Content Editor at Free Super Tips, Alex was born in the shadow of Old Trafford and is an avid Man Utd fan. After graduating from university he combined his love of football, writing and betting to join FST and now closely follows goings-on in all of the top European leagues.
It’s under a week until England kick off their World Cup campaign against Tunisia, and once again there is a budding sense of possibly naive optimism slowly spreading around the country. Could Gareth Southgate and his unusually young England squad actually live up to their potential for once? Or will it simply be another summer of half-expected disappointment for England fans?

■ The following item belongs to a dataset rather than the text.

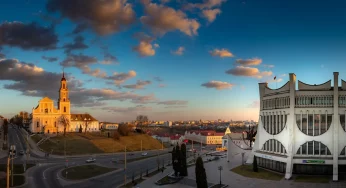 «Хотела вернуться, но с европейским дипломом не берут». Истории гродненских студентов, уехавших за границу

The answers to those questions can only be answered in time, but we can edge closer to an accurate prediction by analysing the two warm-up friendlies played out earlier this month.
England 2 – 1 Nigeria
Gareth Southgate wasn’t messing around at Wembley as he named a strong squad, although they were without Danny Rose and Harry Maguire due to slight injury niggles and Jordan Henderson after his Champions League Final the week before. Apart from that it was a formidable team that contained all the big guns.
The opening goal came from an unlikely source though, with Gary Cahill scoring a rare England goal in the 7th minute after being set up by Kieran Trippier. He followed this with an assured defensive performance for the rest of the match, putting him back in the frame for the starting lineup against Tunisia. Prior to this performance Harry Maguire was the man expected to work alongside John Stones and Kyle Walker, but Cahill has given Southgate a real choice to make.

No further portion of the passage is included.